WORK ORDER: Find the line containing "mercedes-benz-w123-4", then print it and each following line through the end of the records, exactly and with nothing added; leave out any pictures.

─── EXERCISE DATA

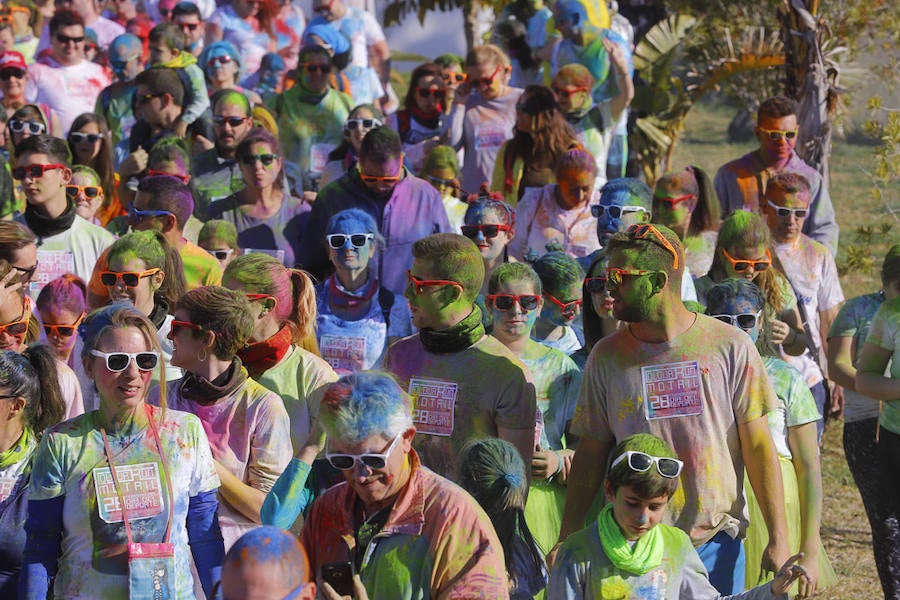 Han sido muchas las familias con niños que se han animado así a empezar el Día de Andalucía corriendo entre polvos de colores. En total, más de 4.000 personas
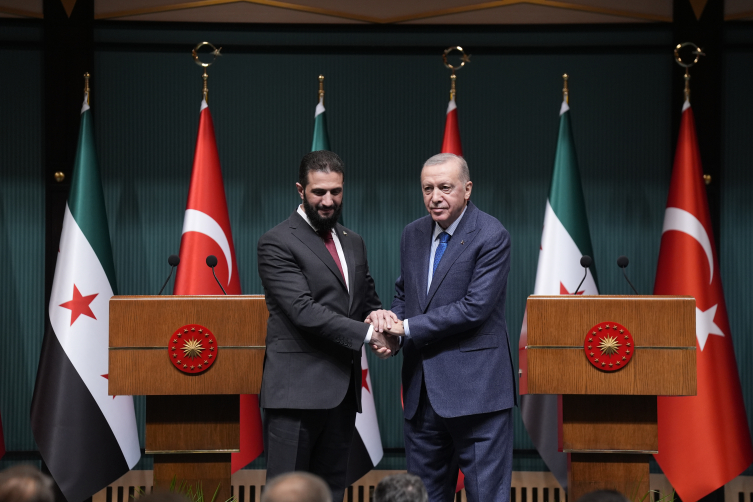 Cumhurbaşkanı Erdoğan: Terörle mücadelede Suriye'ye gereken desteği sağlamaya hazırız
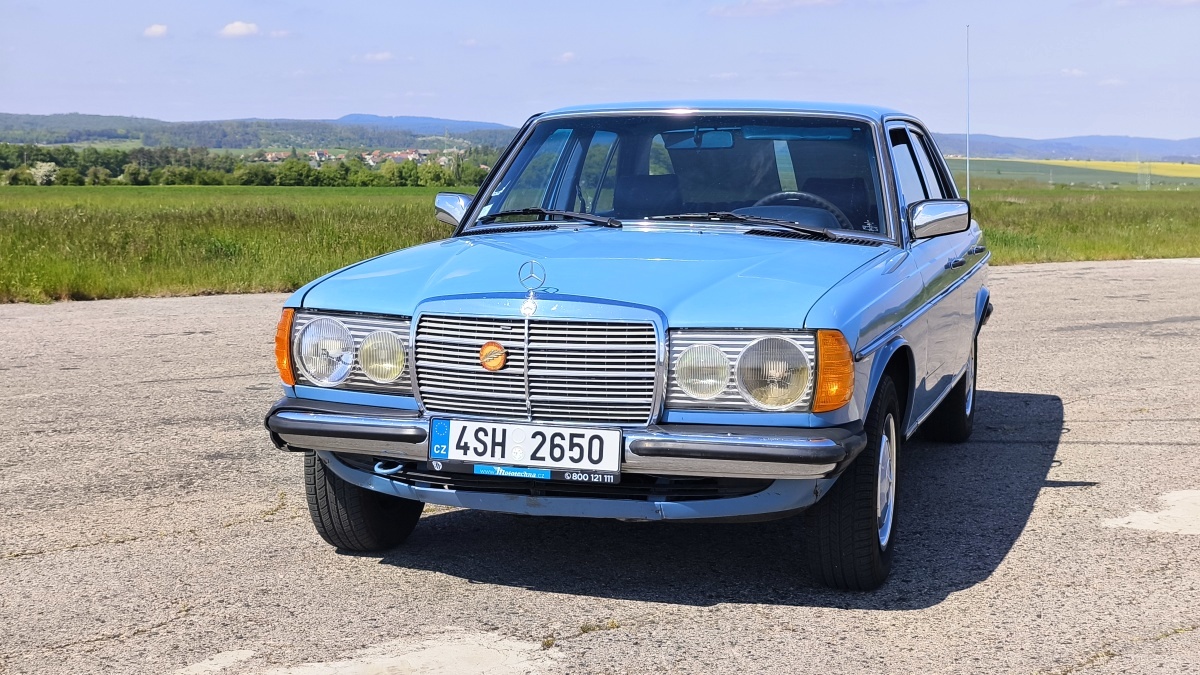 mercedes-benz-w123-4
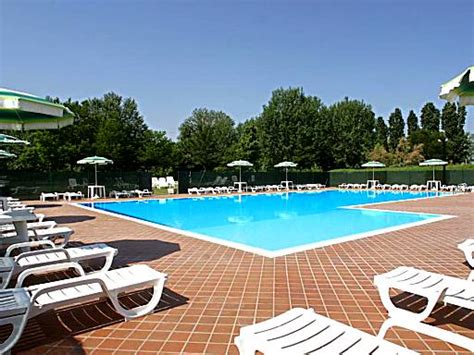 Top 18 Hotels with Pool in Bologna - Anna Holt's Guide 2021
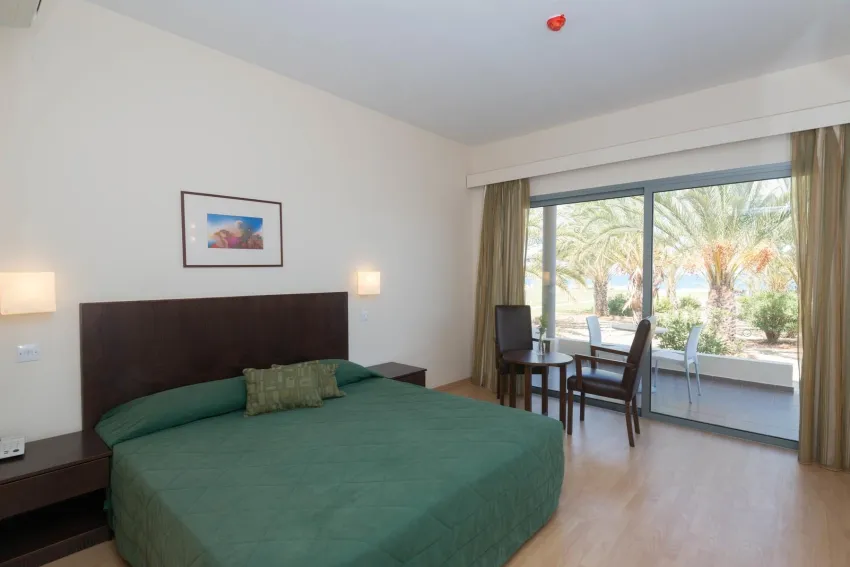 Natura Beach Hotel & Villas 3*-4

──────

RESULT OF THIS EXERCISE:
 mercedes-benz-w123-4
 Top 18 Hotels with Pool in Bologna - Anna Holt's Guide 2021
 Natura Beach Hotel & Villas 3*-4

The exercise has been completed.